É inevitável relacionar também a usina de descarte de livros encalhados com parte do universo da literatura. Ainda que seja uma parte dolorosa para o personagem (e possivelmente para o leitor), o autor se mostra até corajoso ao escolher a usina como um dos cenários, afinal, a reciclagem das edições físicas é o que menos se almeja alcançar com um livro.
Enredo
Ainda que possa parecer algo pequeno, a descoberta do pen-drive gera uma mudança considerável tanto no enredo do livro quanto na vida do personagem principal. Inicialmente, Guylain resolve acessar os arquivos para tentar descobrir o dono do dispositivo, mas logo fica apaixonado por Julie, autora dos textos.
Nesse momento, o livro tem seu ponto de virada e Guylain parece ter um objetivo maior na vida: encontrar Julie. Ainda que a maneira com que ele a conhece — através dos textos dela, o jeito dela de se criar — esteja bastante relacionada ao mundo dos livros, O leitor do trem das 6h27 se afasta consideravelmente desse universo em sua segunda metade e se torna um romance (tipicamente francês, claro).

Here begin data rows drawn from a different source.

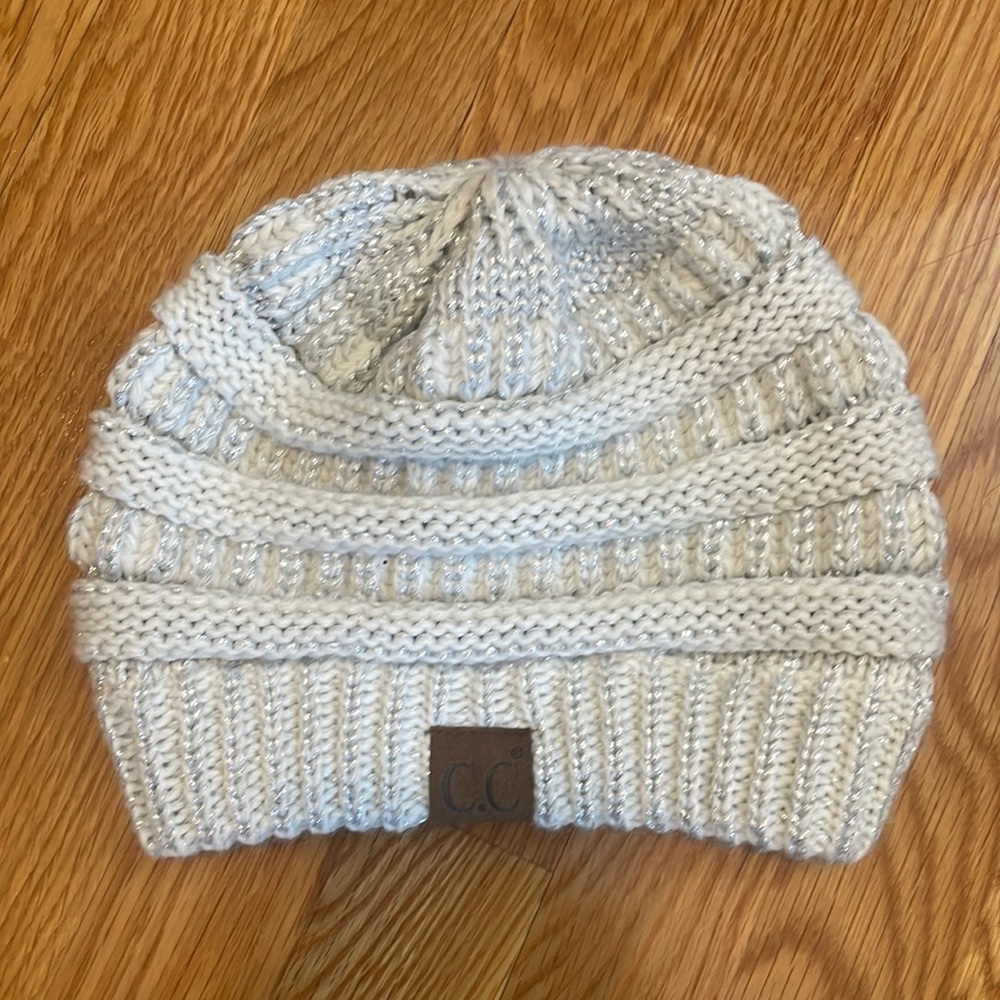 CC beanie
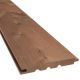 Thermo borovica fasádny obklad Kallio 19x140mm AB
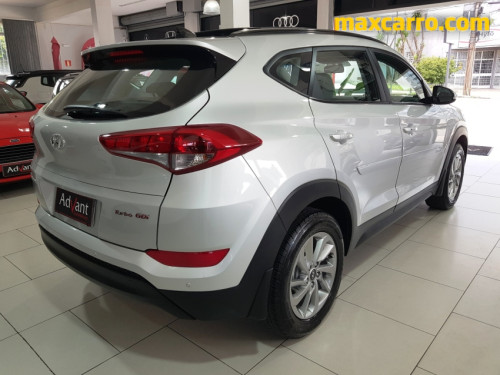 Foto do veículo Hyundai Tucson GLS 1.6 Turbo 16V Aut. 2020/2019 ID: 89348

A narrativa de Didierlaurent é leve e simples. O resultado é um livro muito mais contemplativo que reflexivo. O narrador em terceira pessoa parece apontar para cenas e descrevê-las, sem colocar muitos detalhes ou opiniões no que vê. Também é fato que se deve considerar a brevidade do texto — 176 páginas de um livro tamanho pocket — e logo se vê que sua proposta é simplesmente narrar uma história doce com um forte apelo para o leitor.
Muitos temas e dilemas dos personagens poderiam ser abordados de maneiras mais profundas. O autor tem boas ideias, mas optou por não desenvolvê-las completamente. O leitor do trem das 6h27 é uma leitura rápida, leve e bastante acessível. Isso não resulta em um livro necessariamente desinteressante, mas pode desapontar leitores que preferem mais desenvolvimento e profundidade.